Reading plans

10 Novels Heading to My Bookshelves

This week’s Top Ten Tuesday topic is on the theme of the most anticipated releases for the second half of 2021. I’m taking a slightly different angle with a list that combines books yet to be released with some I missed from earlier in the year.

New Releases For Second Half 2021

White Spines: Confessions of a Book Collector by Nicholas Royle

Books about books can be dangerous reading territory – they give me too many ideas for books to acquire. Nicholas Royle’s book is not your usual list of books however. It’s a mix of memoir and narrative non-fiction in which Royle shares his passion for Picador’s fiction and non-fiction publishing from the 1970s to the end of the 990s. It explores the bookshops and charity shops, the books themselves, and the way a unique collection grew and became a literary obsession.
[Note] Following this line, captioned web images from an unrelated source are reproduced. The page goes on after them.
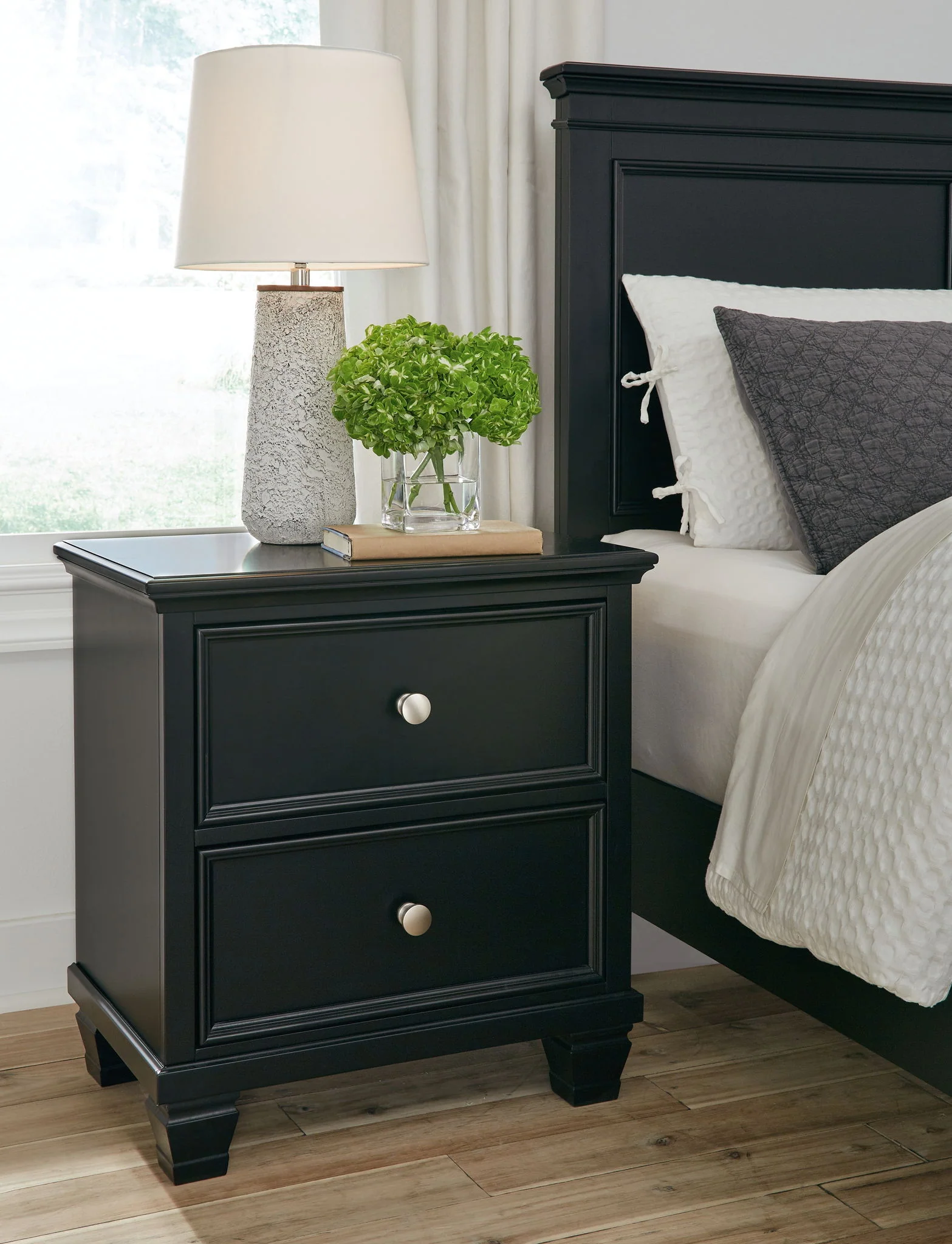 Lanolee - Two Drawer Nightstand - Black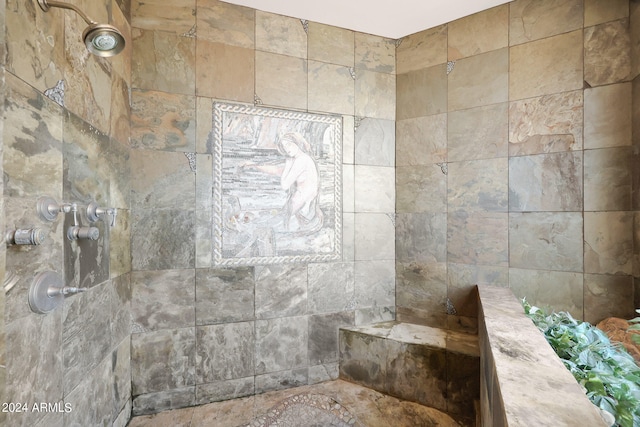 bathroom featuring a tile shower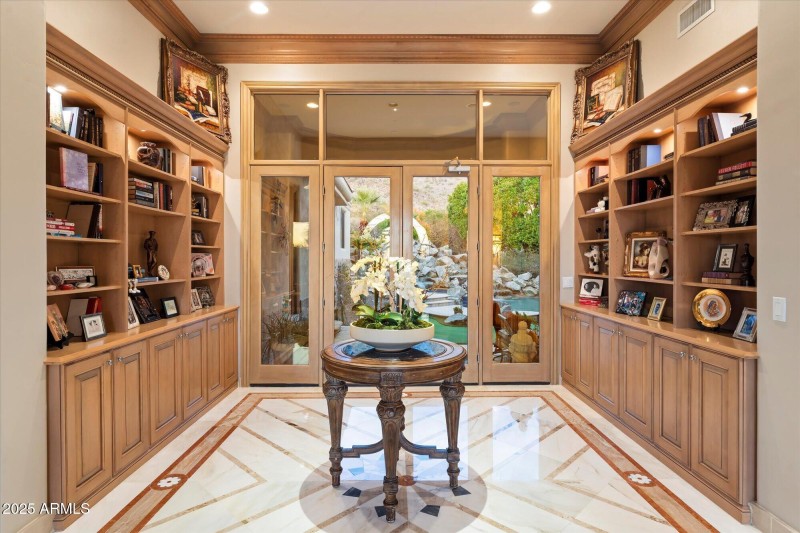 Foyer 4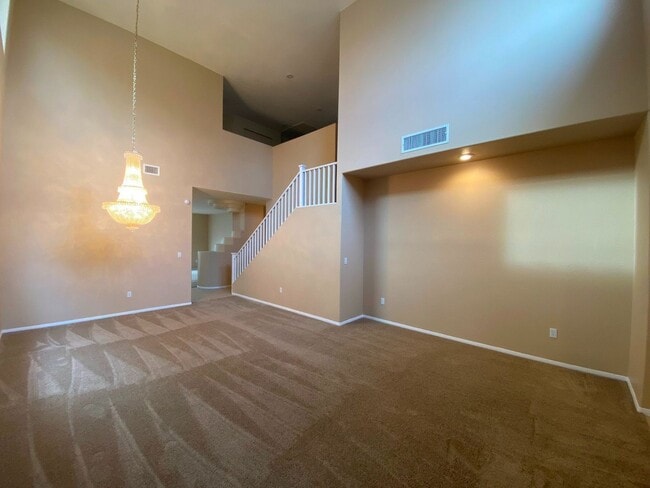 Foto del edificio - Gorgeous Rhodes Ranch Country Club home in Guard Gated Community!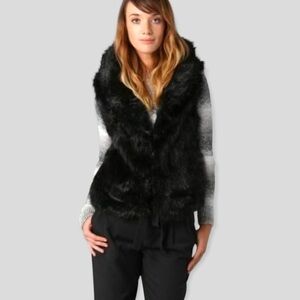 Women's Black Faux Fur Vest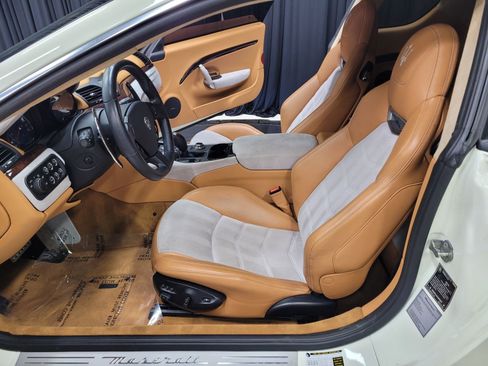 Used 2018 Maserati GranTurismo Sport image 17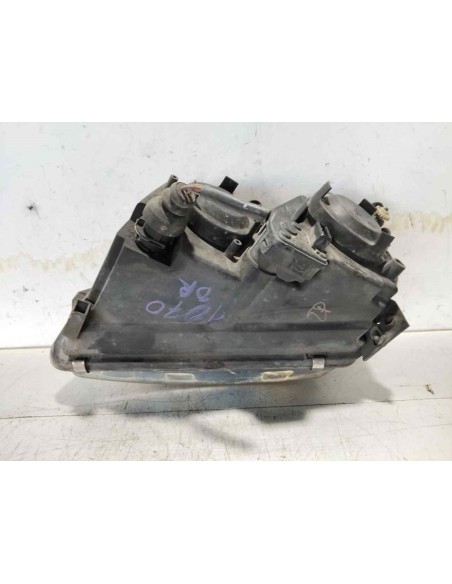 FARO DERECHO VOLKSWAGEN PASSAT BERLINA (3B2) - 271084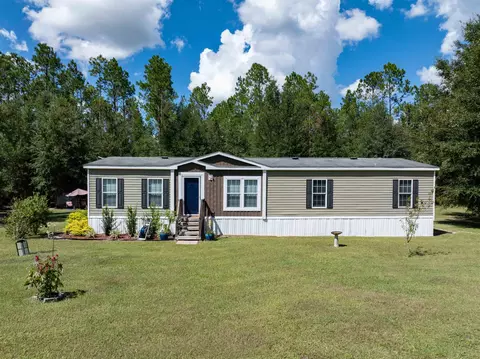 291 NE Jasmine Ter, Lee, FL 32059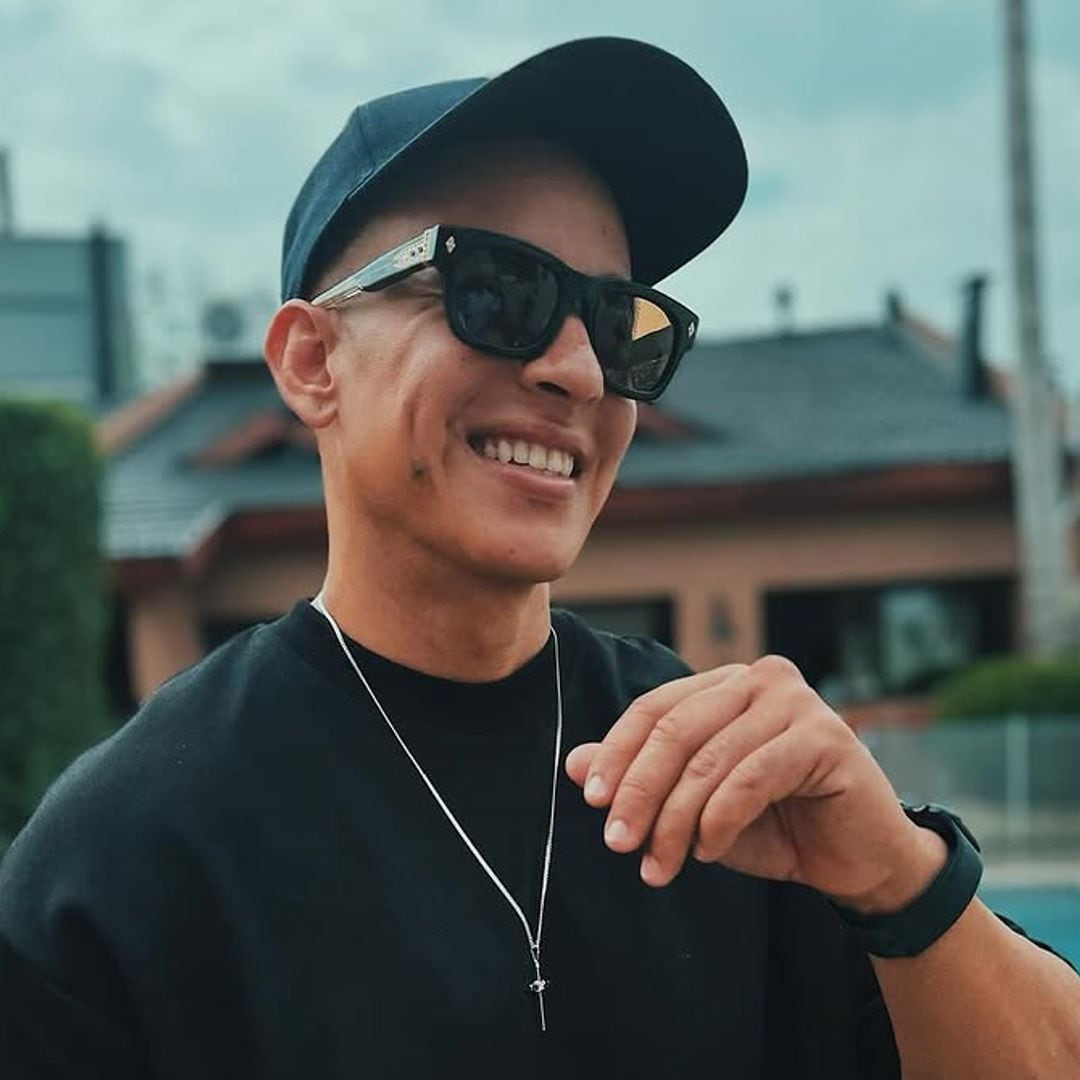 Daddy Yankee pone pausa a su retiro y lanza 'En El Desierto' en medio de sus problemas legales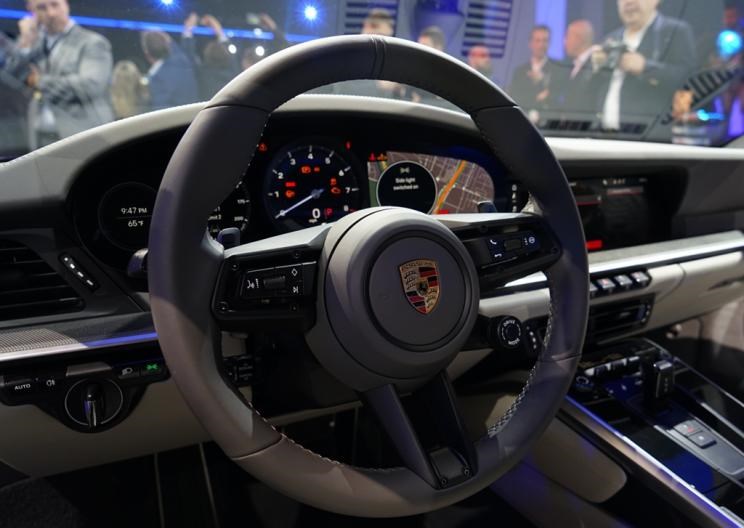  保时捷,Macan,Panamera,Cayenne,路虎,发现,阿斯顿·马丁,V8 Vantage,奥迪,奥迪R8,保时捷911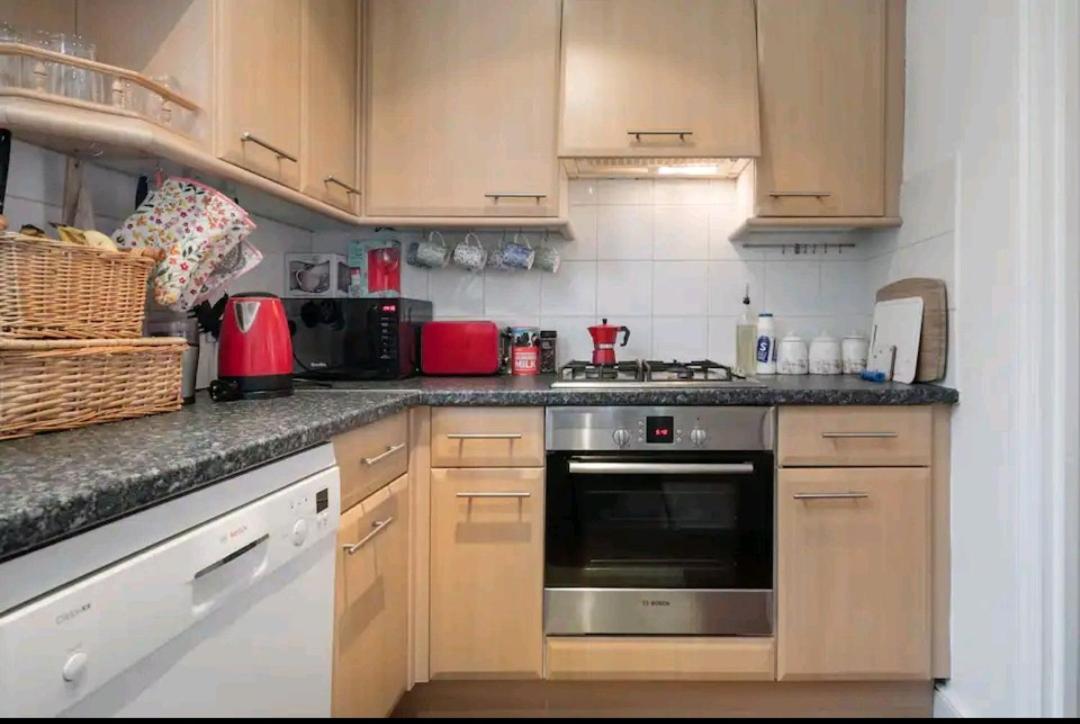 Stylish Room With Private Bath & Terrace In Super Central Clapham Junction Minutes From Victoria, Waterloo London Ngoại thất bức ảnh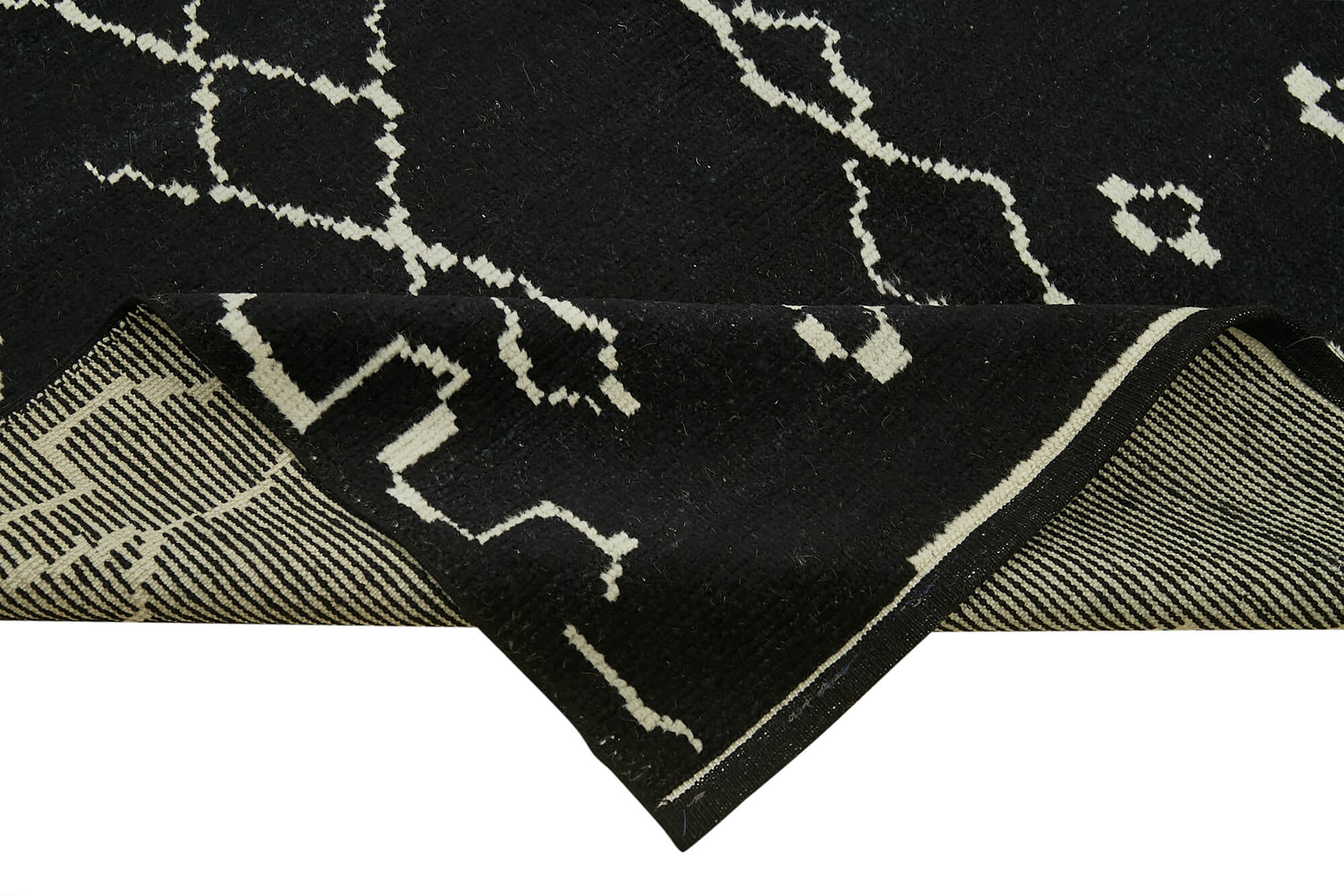 6 x 9 Black Moroccan Rug - 5742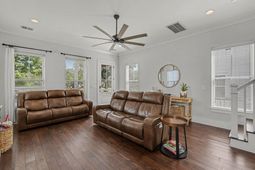 4619 Oakwood Avenue photo 4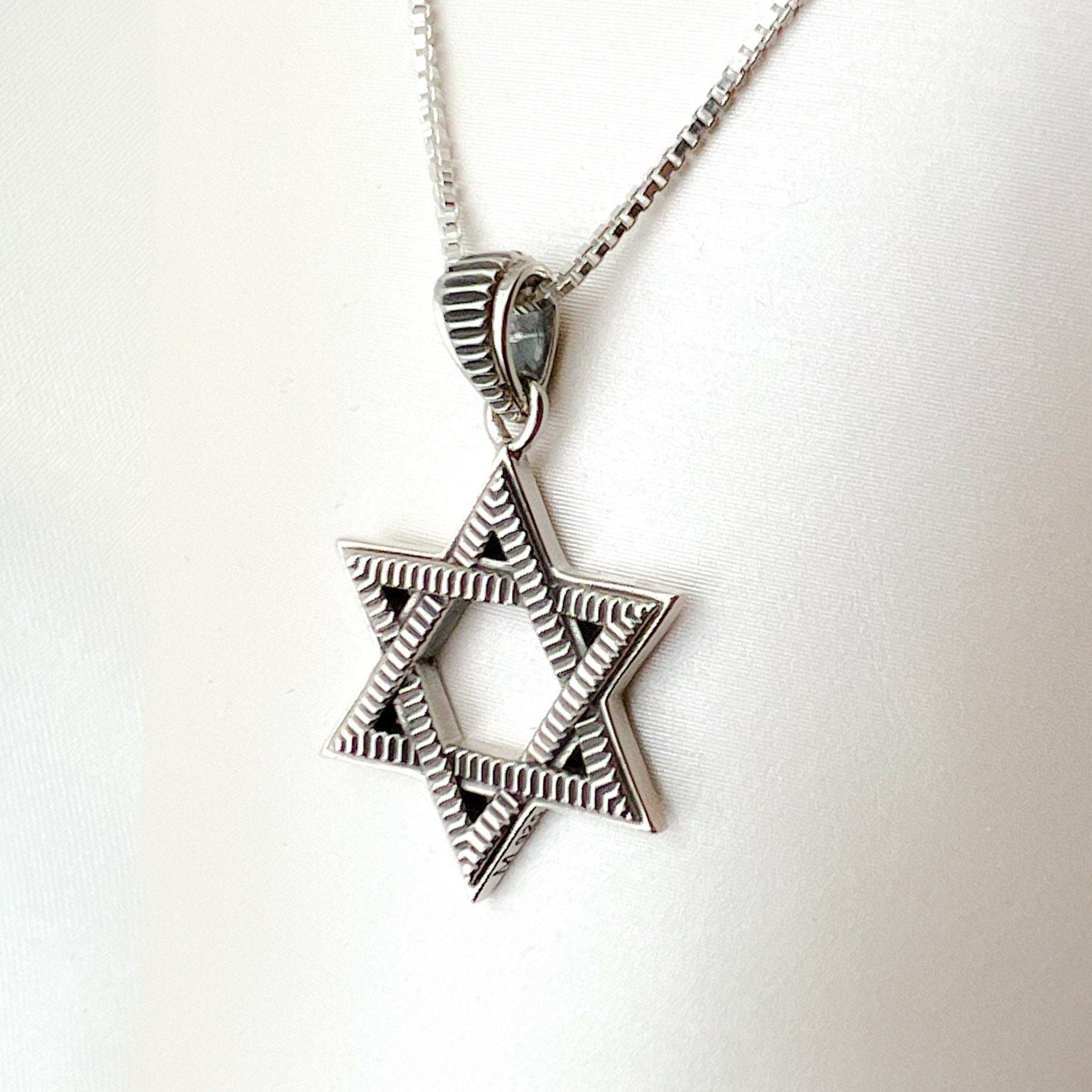 925 Silver Star of David Pendant with Chain – Perfect Small Symbol of Faith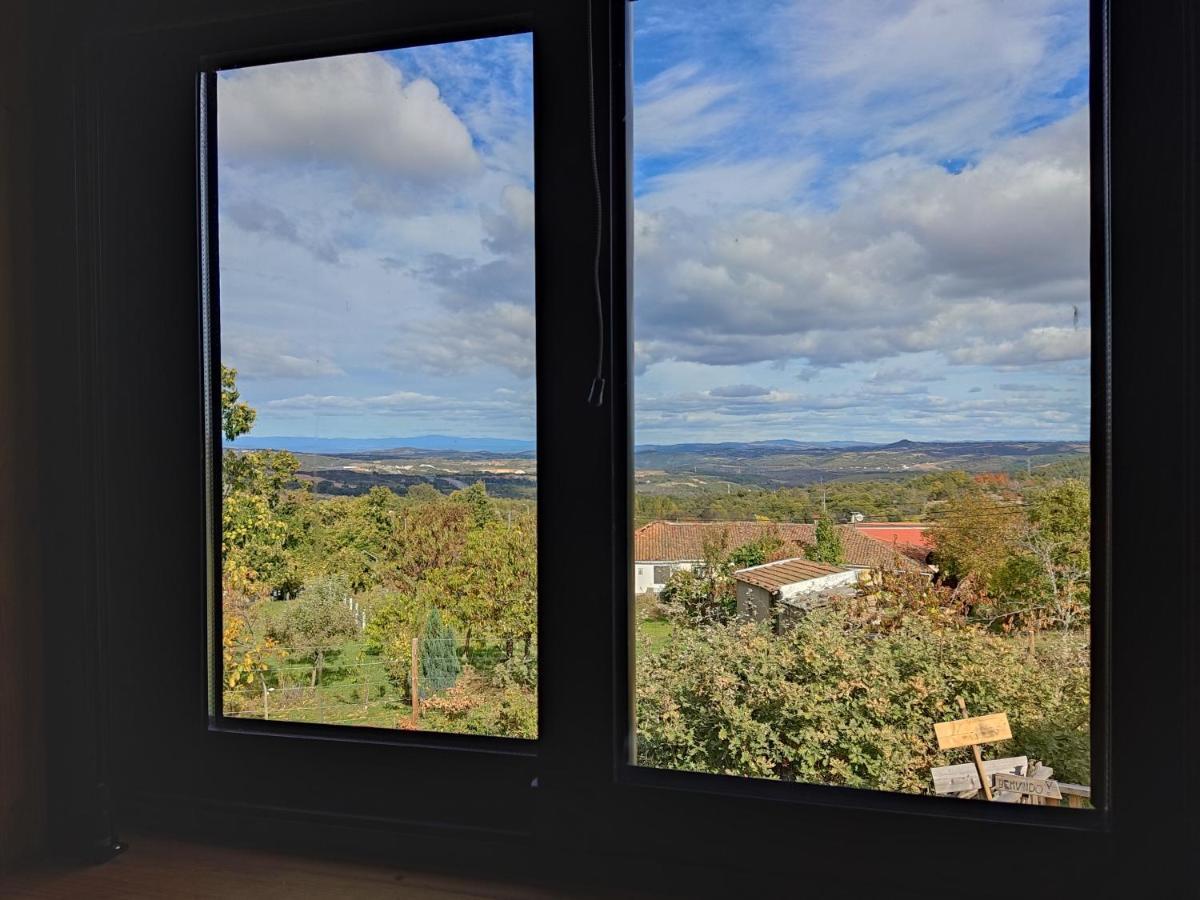 Tinyhouse Rossas Villa Santa Comba de Rossas ภายนอก รูปภาพ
Due out 15 July 2021 from Salt Publishing

The Magician by Colm Tóibín

A fictional account of the complex life of Nobel Prize winner Thomas Mann. Publishers Simon and Schuster describe the book as “a stunning marriage of research and imagination. Tóibín explores the heart and mind of a writer whose gift is unparalleled and whose life is driven by a need to belong and the anguish of illicit desire. The Magician is an intimate, astonishingly complex portrait of Mann, his magnificent and complex wife Katia, and the times in which they lived—the first world war, the rise of Hitler, World War II, the Cold War, and exile. This is a man and a family fiercely engaged by the world, profoundly flawed, and unforgettable.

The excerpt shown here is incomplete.